Unfortunately, there is no letter **V** in the Greek alphabet. If there was one, it would most likely be used for this Greek.

## Option Vega Symbol

Because there is no Greek letter **V**, the symbol used for option vega is either the latin **v** or the symbol for Greek letter *nu*, which looks very similar: **ν**.

## Option Vega Example

Consider a call option on a stock (the strike and underlying price are not important in this example). The option currently trades at $2.49 (option premium) and its vega is 0.13. Its implied volatility is 18%, which means the market expects volatility of the underlying stock’s price to be 18% during the period from now to the option’s expiration.

Market’s expectations about future volatility can change for a variety of reasons (e.g. approaching company earnings, industry events, or changing perceptions of the general economy). In general, investors expect higher volatility when they are more uncertain about the future, and vice versa. Note that more uncertain doesn’t always mean more pessimistic. Volatility works both ways; it is not about direction, but about size of potential price moves.
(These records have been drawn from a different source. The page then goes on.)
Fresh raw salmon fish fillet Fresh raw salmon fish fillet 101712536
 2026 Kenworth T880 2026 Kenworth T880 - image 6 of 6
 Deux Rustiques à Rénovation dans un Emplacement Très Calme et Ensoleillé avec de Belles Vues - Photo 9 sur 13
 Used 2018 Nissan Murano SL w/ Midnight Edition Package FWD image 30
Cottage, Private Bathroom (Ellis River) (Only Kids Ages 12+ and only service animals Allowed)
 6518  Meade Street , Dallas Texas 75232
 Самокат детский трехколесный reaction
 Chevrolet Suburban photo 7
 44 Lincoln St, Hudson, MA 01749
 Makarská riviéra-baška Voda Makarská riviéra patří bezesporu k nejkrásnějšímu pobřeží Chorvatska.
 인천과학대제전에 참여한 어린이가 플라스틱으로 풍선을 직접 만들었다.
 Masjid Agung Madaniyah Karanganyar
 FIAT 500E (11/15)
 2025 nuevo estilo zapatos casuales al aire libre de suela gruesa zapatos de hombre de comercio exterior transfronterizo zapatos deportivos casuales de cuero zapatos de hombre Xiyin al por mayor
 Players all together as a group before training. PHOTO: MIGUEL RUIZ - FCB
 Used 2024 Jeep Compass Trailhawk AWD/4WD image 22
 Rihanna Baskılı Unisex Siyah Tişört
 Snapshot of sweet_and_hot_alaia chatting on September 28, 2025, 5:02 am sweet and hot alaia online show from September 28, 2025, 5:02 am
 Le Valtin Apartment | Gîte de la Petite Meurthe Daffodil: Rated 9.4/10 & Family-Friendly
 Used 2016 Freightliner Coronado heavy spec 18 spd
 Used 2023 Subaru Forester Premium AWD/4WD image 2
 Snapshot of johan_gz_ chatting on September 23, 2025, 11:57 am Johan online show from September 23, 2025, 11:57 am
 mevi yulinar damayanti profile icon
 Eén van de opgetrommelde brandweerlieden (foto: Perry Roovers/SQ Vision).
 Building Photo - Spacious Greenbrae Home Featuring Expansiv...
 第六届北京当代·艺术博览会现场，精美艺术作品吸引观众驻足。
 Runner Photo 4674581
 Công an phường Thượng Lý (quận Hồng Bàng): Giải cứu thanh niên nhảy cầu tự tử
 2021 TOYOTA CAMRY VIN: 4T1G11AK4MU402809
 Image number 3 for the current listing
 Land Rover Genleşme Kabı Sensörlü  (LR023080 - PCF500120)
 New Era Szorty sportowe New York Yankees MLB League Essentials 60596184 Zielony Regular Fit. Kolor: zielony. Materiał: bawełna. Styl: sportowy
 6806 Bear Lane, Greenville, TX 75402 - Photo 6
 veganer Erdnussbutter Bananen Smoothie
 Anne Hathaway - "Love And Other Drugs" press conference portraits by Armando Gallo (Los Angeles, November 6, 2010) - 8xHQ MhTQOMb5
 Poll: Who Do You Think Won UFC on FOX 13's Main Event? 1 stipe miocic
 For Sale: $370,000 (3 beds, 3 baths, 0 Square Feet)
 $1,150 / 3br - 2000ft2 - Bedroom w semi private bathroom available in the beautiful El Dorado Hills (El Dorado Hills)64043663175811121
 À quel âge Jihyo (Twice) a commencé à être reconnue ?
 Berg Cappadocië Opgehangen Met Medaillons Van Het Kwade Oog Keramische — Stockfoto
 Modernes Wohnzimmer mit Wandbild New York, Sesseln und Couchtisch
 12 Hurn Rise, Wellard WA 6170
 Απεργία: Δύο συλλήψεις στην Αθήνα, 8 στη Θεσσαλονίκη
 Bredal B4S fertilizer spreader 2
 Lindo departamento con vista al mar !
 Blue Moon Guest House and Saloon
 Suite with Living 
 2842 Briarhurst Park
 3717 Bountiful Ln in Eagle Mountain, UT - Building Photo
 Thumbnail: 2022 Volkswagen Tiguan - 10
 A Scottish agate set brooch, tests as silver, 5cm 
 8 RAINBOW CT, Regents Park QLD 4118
In our example, if the market becomes more uncertain about the stock’s future and implied volatility rises by one percentage point from 18% to 19%, our call option’s price increases by 0.13 (the vega) from $2.49 to $2.62. This assumes everything else remains the same. If the changed expectations also cause the underlying stock price to move, the option’s price change will also reflect that and may be different from $2.62.

## Vega Units

Vega is a ratio of price change (in dollars) to volatility change (in percentage points). Therefore, its units are dollars per percentage point. That said, in practice the units are rarely mentioned, as with the other Greeks.

## Vega Values

All options become more valuable when volatility rises. Therefore, **vega is positive for both calls and puts.**

There is no theoretical upper limit on the values vega can reach.

Of the two components of option premium, volatility (and vega) only affects time value; it has no effect on intrinsic value. Therefore, as a rule of thumb, options with more time value have higher vega.

Vega is negative for all short option positions. Positions in the underlying security have zero vega.

## Vega and Option Moneyness

**At the money options have greatest time value and highest vega.** Options further away from the money to either side (in the money, out of the money) have less time value and lower vega.

While at the money options have greatest vega in absolute terms, out of the money options have greatest vega as percentage of their total (intrinsic + time) value, as their premium consists of time value only. Longer term out of the money options can be good vehicles for speculating on volatility (high vega for relatively low cost), with relatively small exposure to direction (delta and gamma).

## Vega and Time to Expiration

Longer dated options are more sensitive to volatility, because over a longer time period, volatility has more time to act in the option holder’s favor. **The more time to expiration, the higher vega.** As an option approaches expiration and loses time value, its vega goes down.

## Vega and Volatility

When implied volatility changes, vega itself can change. Not so much for at the money options – their vega is relatively stable over a wide range of volatility levels.

Options deeper in the money or further out of the money can have very low vega when implied volatility is low (and their time value is near zero). As volatility rises, their vega gradually increases, although it never exceeds the vega of at the money options with the same expiration and underlying.

In other words, when volatility is high, the differences in vega across a wide range of strikes are quite small (although at the money strikes still have highest vega). When volatility declines, the differences become much bigger, mainly due to far out of the money and deep in the money strikes’ vega falling, while at the money vega stays more or less the same.

## How to Calculate Vega

Mathematically, vega is the derivative of option premium with respect to volatility. Like the other Greeks tutorials, this tutorial focuses mainly on the logic and practical considerations, and those interested in the exact formulas can find them in Black-Scholes Greeks Formulas and Option Greeks Excel Formulas.

## Summary

- Vega measures how option price will change if implied volatility rises by one percentage point.
- All options have positive vega – gain value with rising volatility.
- Vega is greatest at the money (but out of the money in percentage terms).
- The more time to expiration, the higher vega.